» INPUT DATA
━━━

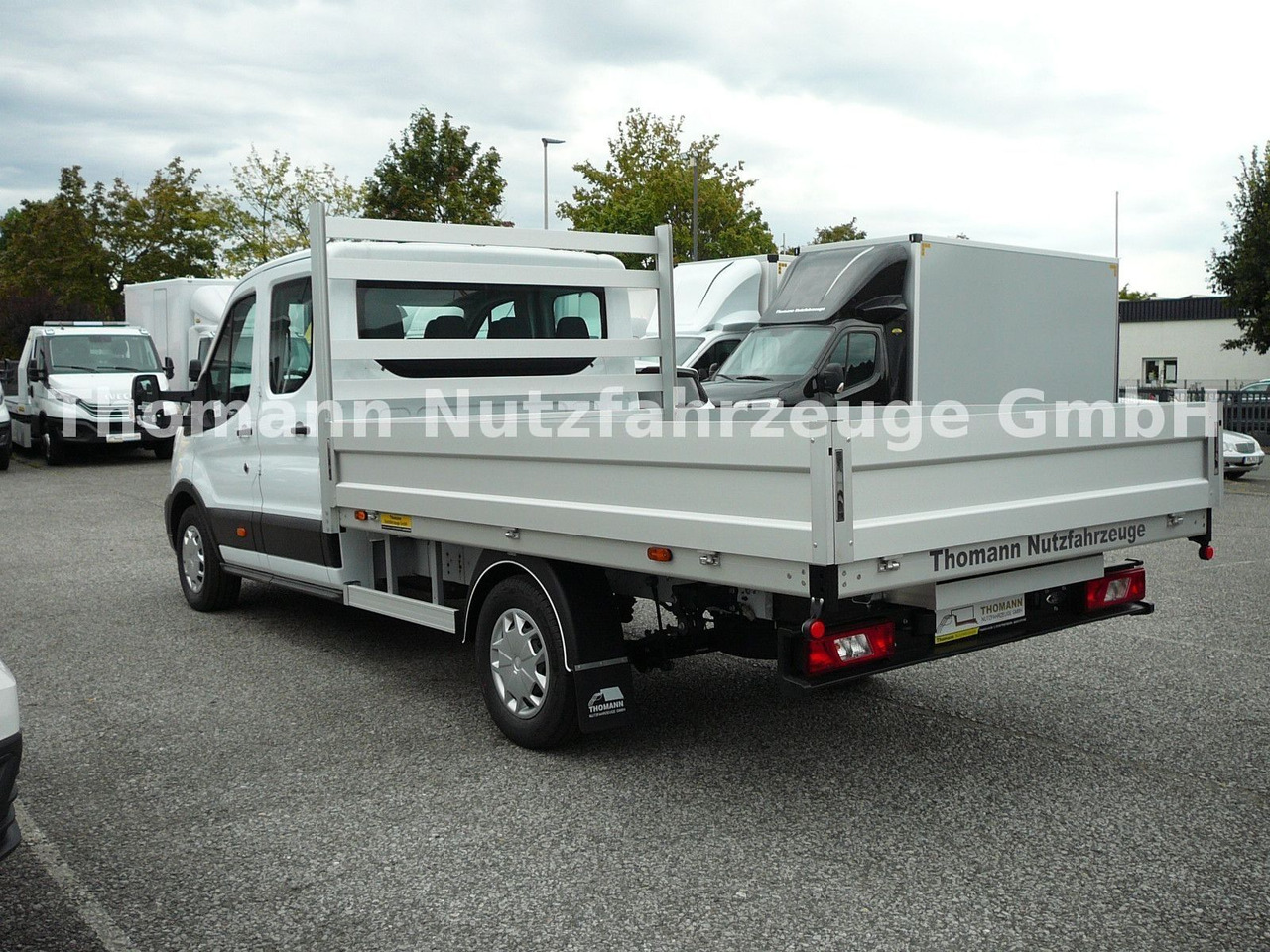 Ford Transit Pritsche Doppelkabine Ford Transit Pritsche Doppelkabine - Малотоннажный бортовой грузовик: фото 4 Ford Transit Pritsche Doppelkabine Ford Transit Pritsche Doppelkabine - Малотоннажный бортовой грузовик: фото 4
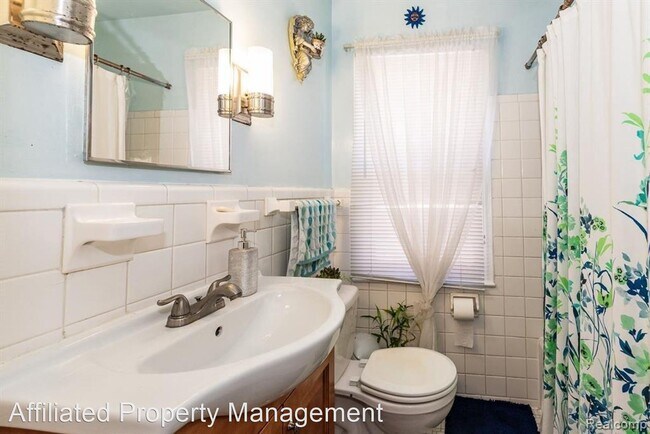 Building Photo - 3 br, 1 bath House - 9903 Riverdale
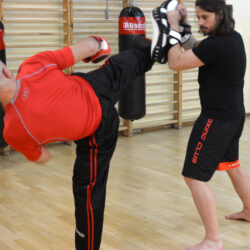 Jak Zdobyć Stopnie w Kickboxingu: Przewodnik Od Podstaw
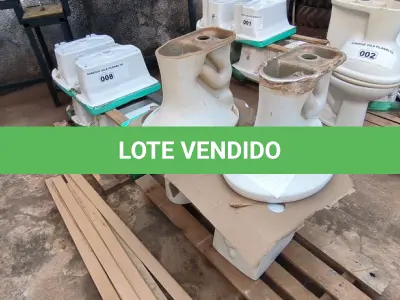 LOTE 009 - 01 LOTE COM 04 VASOS SANITÁRIOS (NO ESTADO, NÃO SABEMOS SE FUNCIONA. LEILÃO NÃO TEM GARANTIA E NEM DEVOLUÇÃO).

━━━

» TASK INSTRUCTIONS
Restate all of the material above word for word, excluding the pictures.

» ANSWER TO THIS PROBLEM
 Ford Transit Pritsche Doppelkabine Ford Transit Pritsche Doppelkabine - Малотоннажный бортовой грузовик: фото 4 Ford Transit Pritsche Doppelkabine Ford Transit Pritsche Doppelkabine - Малотоннажный бортовой грузовик: фото 4
 Building Photo - 3 br, 1 bath House - 9903 Riverdale
 Jak Zdobyć Stopnie w Kickboxingu: Przewodnik Od Podstaw
 LOTE 009 - 01 LOTE COM 04 VASOS SANITÁRIOS (NO ESTADO, NÃO SABEMOS SE FUNCIONA. LEILÃO NÃO TEM GARANTIA E NEM DEVOLUÇÃO).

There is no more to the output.